YOUR ASSIGNMENT. Your copy of the data should match it exactly, leaving out only the pictures.

-- SUPPLIED INFORMATION follows --

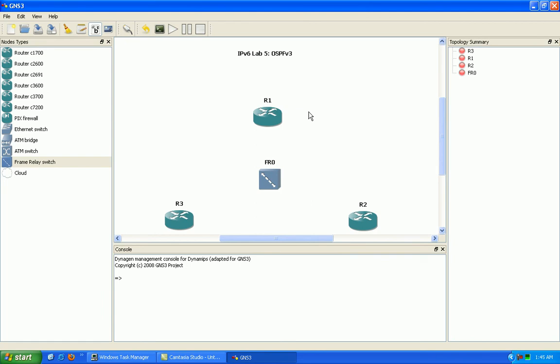So OSPF v3, just a little background on it. It's still using protocol number 89. All the timers and the network types are all still there and they're all the same as OSPF v2 running IPv4.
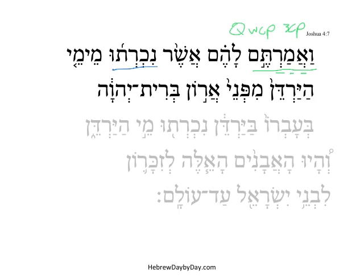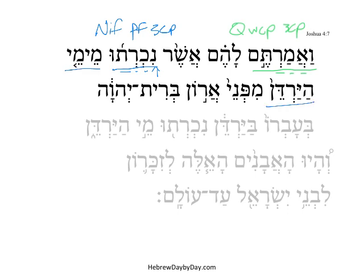Nikhratu comes from Kaf, Resh, Tav, and this is in a Nifal stem. There's the nun prefix that shows the theme letter. This is perfect, 3CP, and the subject being spelled out is the waters of the Jordan — 'they were cut off.'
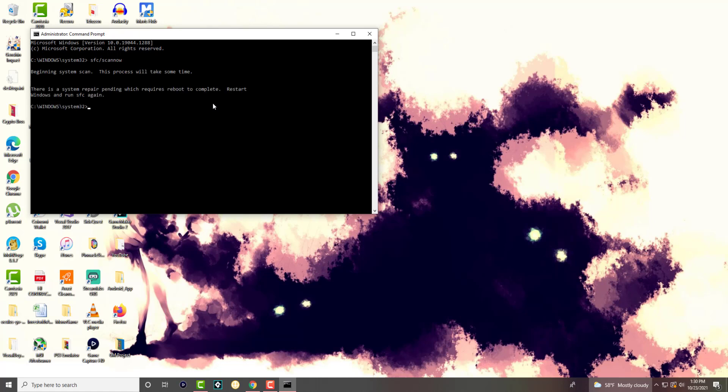And it's going to start scanning your system and it might take some time depending on what it is. So for me, as you can see, I have a system repairs pending which requires reboot to complete.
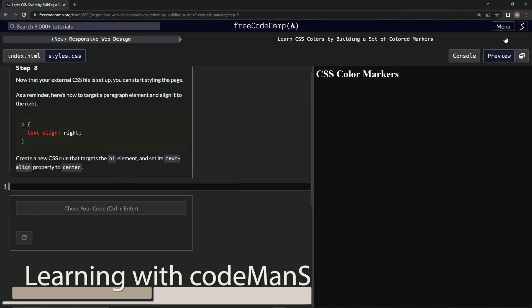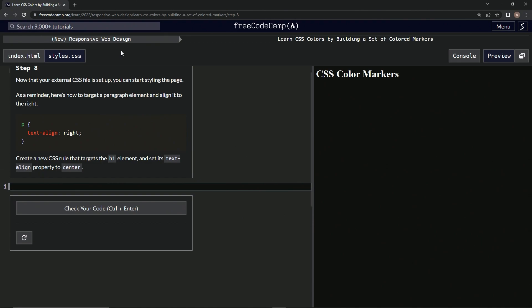All right, now we're doing FreeCodeCamp, New Responsive Web Design, Learn CSS Colors by Building a Set of Colored Markers, Step 8.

-- SUPPLIED INFORMATION concluded --

ANSWER BOX.
So OSPF v3, just a little background on it. It's still using protocol number 89. All the timers and the network types are all still there and they're all the same as OSPF v2 running IPv4.
Nikhratu comes from Kaf, Resh, Tav, and this is in a Nifal stem. There's the nun prefix that shows the theme letter. This is perfect, 3CP, and the subject being spelled out is the waters of the Jordan — 'they were cut off.'
And it's going to start scanning your system and it might take some time depending on what it is. So for me, as you can see, I have a system repairs pending which requires reboot to complete.
All right, now we're doing FreeCodeCamp, New Responsive Web Design, Learn CSS Colors by Building a Set of Colored Markers, Step 8.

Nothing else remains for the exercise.